Table of Contents
Scope/Description
- ZFS on Linux defaults to use only 50% of available RAM in the system.
- This should be bumped up to 80% in a sole ZFS server, and 70% if other tasks (non ZFS) are running as well.
- Here is a website to convert bytes to gigabytes, as the inputted value needs to be in bytes.
Prerequisites
- Linux Server with ZFS 0.8.3 Installed
Steps
- To check the amount of RAM dedicated to the ARC limit currently run the following command, c_min and c_max are the min and max values set for the ARC limit.
cat /proc/spl/kstat/zfs/arcstats |grep c_
- Create a ZFS conf file.
vim /etc/modprobe.d/zfs.conf
- Add the following options to the zfs.conf, change the values depending on the use case/amount of RAM in the system. In the example below we have 128GB of RAM and we set it to 33% and 80% of our RAM. This is done in byte size
options zfs zfs_arc_min=45354854646 options zfs zfs_arc_max=109951162778
- Once that is done, you must run the following command to generate a new initramfs image.
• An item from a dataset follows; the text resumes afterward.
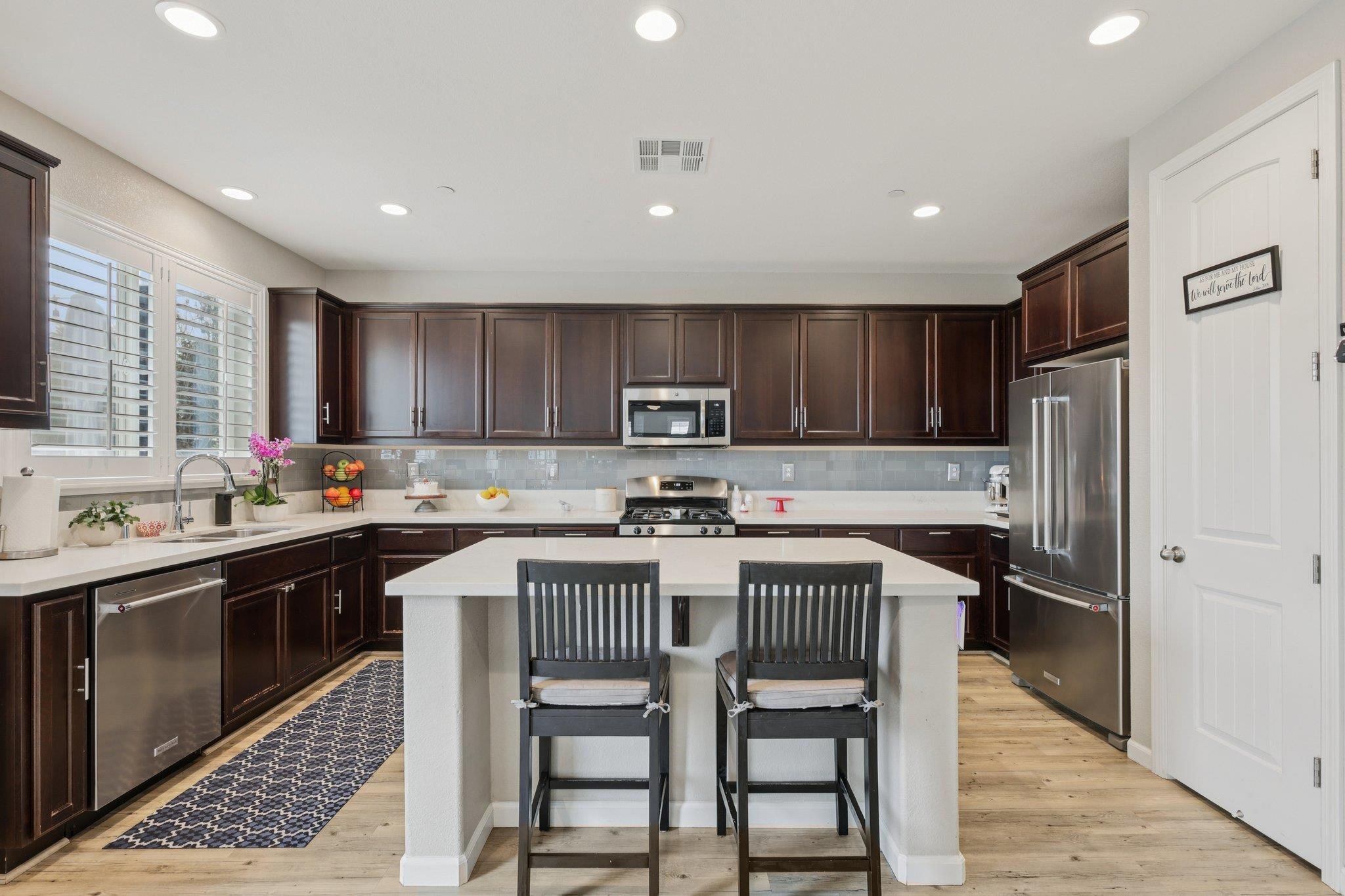 165 Little Ranch Circle Oakley, CA 94561 - Photo 14 of 60 Kitchen with a kitchen bar, dark brown cabinetry, stainless steel appliances, recessed lighting, and light wood finished floors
sudo update-initramfs -u -k all
or if on Rocky Linux:
dracut --regenerate-all -f
- Make sure to reboot the system for the changes to take effect
Verification
- To verify the limits were set, after the reboot run the original command to confirm the values have changed.
cat /proc/spl/kstat/zfs/arcstats |grep c_
- Or you could run the following command to see as well:
cat /sys/module/zfs/parameters/zfs_arc_min cat /sys/module/zfs/parameters/zfs_arc_max
Troubleshooting
- If you want to set the value to a specific amount of any percentage of the ram change the max value set.